(Work to be completed) The records below should be printed once more, exactly as they appear.

Web page caption snippets
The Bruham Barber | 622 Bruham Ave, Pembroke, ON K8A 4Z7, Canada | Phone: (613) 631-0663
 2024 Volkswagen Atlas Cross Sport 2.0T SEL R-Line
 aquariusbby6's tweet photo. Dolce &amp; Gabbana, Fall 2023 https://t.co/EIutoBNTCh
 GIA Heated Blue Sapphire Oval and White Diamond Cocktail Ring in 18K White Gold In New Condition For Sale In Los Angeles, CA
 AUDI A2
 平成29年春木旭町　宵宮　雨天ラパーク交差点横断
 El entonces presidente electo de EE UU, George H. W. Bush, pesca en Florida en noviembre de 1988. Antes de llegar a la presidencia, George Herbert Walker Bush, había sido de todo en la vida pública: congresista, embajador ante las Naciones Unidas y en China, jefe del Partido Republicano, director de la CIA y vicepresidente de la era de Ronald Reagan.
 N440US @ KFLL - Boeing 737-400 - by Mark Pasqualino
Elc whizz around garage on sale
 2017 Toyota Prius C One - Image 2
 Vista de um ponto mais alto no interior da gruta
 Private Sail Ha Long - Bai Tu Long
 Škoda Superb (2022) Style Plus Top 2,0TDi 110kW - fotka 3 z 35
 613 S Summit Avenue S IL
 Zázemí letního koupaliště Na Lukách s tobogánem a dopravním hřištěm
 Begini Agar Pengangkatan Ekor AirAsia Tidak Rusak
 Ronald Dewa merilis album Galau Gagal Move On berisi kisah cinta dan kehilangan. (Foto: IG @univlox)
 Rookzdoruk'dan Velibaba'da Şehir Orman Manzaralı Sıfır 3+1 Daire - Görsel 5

(Task answer)
The Bruham Barber | 622 Bruham Ave, Pembroke, ON K8A 4Z7, Canada | Phone: (613) 631-0663
 2024 Volkswagen Atlas Cross Sport 2.0T SEL R-Line
 aquariusbby6's tweet photo. Dolce &amp; Gabbana, Fall 2023 https://t.co/EIutoBNTCh
 GIA Heated Blue Sapphire Oval and White Diamond Cocktail Ring in 18K White Gold In New Condition For Sale In Los Angeles, CA
 AUDI A2
 平成29年春木旭町　宵宮　雨天ラパーク交差点横断
 El entonces presidente electo de EE UU, George H. W. Bush, pesca en Florida en noviembre de 1988. Antes de llegar a la presidencia, George Herbert Walker Bush, había sido de todo en la vida pública: congresista, embajador ante las Naciones Unidas y en China, jefe del Partido Republicano, director de la CIA y vicepresidente de la era de Ronald Reagan.
 N440US @ KFLL - Boeing 737-400 - by Mark Pasqualino
Elc whizz around garage on sale
 2017 Toyota Prius C One - Image 2
 Vista de um ponto mais alto no interior da gruta
 Private Sail Ha Long - Bai Tu Long
 Škoda Superb (2022) Style Plus Top 2,0TDi 110kW - fotka 3 z 35
 613 S Summit Avenue S IL
 Zázemí letního koupaliště Na Lukách s tobogánem a dopravním hřištěm
 Begini Agar Pengangkatan Ekor AirAsia Tidak Rusak
 Ronald Dewa merilis album Galau Gagal Move On berisi kisah cinta dan kehilangan. (Foto: IG @univlox)
 Rookzdoruk'dan Velibaba'da Şehir Orman Manzaralı Sıfır 3+1 Daire - Görsel 5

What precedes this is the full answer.